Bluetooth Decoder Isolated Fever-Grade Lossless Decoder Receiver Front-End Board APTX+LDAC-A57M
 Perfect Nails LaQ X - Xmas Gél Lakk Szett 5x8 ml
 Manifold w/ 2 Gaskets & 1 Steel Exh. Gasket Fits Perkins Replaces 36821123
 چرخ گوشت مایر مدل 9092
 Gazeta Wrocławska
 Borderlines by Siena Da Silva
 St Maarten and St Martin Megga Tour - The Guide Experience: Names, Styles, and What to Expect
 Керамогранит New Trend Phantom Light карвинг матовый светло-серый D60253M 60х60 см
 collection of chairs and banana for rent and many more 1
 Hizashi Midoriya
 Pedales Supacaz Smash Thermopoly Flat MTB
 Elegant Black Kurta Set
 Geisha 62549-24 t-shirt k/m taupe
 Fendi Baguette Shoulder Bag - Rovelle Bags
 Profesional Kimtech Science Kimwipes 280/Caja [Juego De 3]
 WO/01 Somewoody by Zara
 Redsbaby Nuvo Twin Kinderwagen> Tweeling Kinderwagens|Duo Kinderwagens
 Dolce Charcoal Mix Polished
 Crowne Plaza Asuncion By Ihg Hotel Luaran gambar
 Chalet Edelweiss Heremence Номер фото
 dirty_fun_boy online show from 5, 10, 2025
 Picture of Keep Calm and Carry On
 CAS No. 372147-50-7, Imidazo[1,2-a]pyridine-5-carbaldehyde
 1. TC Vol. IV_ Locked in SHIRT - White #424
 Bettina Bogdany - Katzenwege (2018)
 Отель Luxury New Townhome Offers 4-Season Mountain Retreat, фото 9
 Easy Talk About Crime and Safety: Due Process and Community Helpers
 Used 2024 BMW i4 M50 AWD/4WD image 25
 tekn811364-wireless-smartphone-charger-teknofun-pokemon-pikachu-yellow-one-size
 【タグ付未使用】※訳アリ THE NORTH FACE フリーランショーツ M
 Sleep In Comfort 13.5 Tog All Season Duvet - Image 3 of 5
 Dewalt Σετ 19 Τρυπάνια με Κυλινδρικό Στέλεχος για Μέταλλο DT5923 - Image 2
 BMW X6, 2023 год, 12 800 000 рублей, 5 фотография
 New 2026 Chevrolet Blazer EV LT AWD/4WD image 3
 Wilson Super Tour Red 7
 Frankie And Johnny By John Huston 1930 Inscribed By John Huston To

------

For this exercise, retype each entry from above exactly as it stands.

Bluetooth Decoder Isolated Fever-Grade Lossless Decoder Receiver Front-End Board APTX+LDAC-A57M
 Perfect Nails LaQ X - Xmas Gél Lakk Szett 5x8 ml
 Manifold w/ 2 Gaskets & 1 Steel Exh. Gasket Fits Perkins Replaces 36821123
 چرخ گوشت مایر مدل 9092
 Gazeta Wrocławska
 Borderlines by Siena Da Silva
 St Maarten and St Martin Megga Tour - The Guide Experience: Names, Styles, and What to Expect
 Керамогранит New Trend Phantom Light карвинг матовый светло-серый D60253M 60х60 см
 collection of chairs and banana for rent and many more 1
 Hizashi Midoriya
 Pedales Supacaz Smash Thermopoly Flat MTB
 Elegant Black Kurta Set
 Geisha 62549-24 t-shirt k/m taupe
 Fendi Baguette Shoulder Bag - Rovelle Bags
 Profesional Kimtech Science Kimwipes 280/Caja [Juego De 3]
 WO/01 Somewoody by Zara
 Redsbaby Nuvo Twin Kinderwagen> Tweeling Kinderwagens|Duo Kinderwagens
 Dolce Charcoal Mix Polished
 Crowne Plaza Asuncion By Ihg Hotel Luaran gambar
 Chalet Edelweiss Heremence Номер фото
 dirty_fun_boy online show from 5, 10, 2025
 Picture of Keep Calm and Carry On
 CAS No. 372147-50-7, Imidazo[1,2-a]pyridine-5-carbaldehyde
 1. TC Vol. IV_ Locked in SHIRT - White #424
 Bettina Bogdany - Katzenwege (2018)
 Отель Luxury New Townhome Offers 4-Season Mountain Retreat, фото 9
 Easy Talk About Crime and Safety: Due Process and Community Helpers
 Used 2024 BMW i4 M50 AWD/4WD image 25
 tekn811364-wireless-smartphone-charger-teknofun-pokemon-pikachu-yellow-one-size
 【タグ付未使用】※訳アリ THE NORTH FACE フリーランショーツ M
 Sleep In Comfort 13.5 Tog All Season Duvet - Image 3 of 5
 Dewalt Σετ 19 Τρυπάνια με Κυλινδρικό Στέλεχος για Μέταλλο DT5923 - Image 2
 BMW X6, 2023 год, 12 800 000 рублей, 5 фотография
 New 2026 Chevrolet Blazer EV LT AWD/4WD image 3
 Wilson Super Tour Red 7
 Frankie And Johnny By John Huston 1930 Inscribed By John Huston To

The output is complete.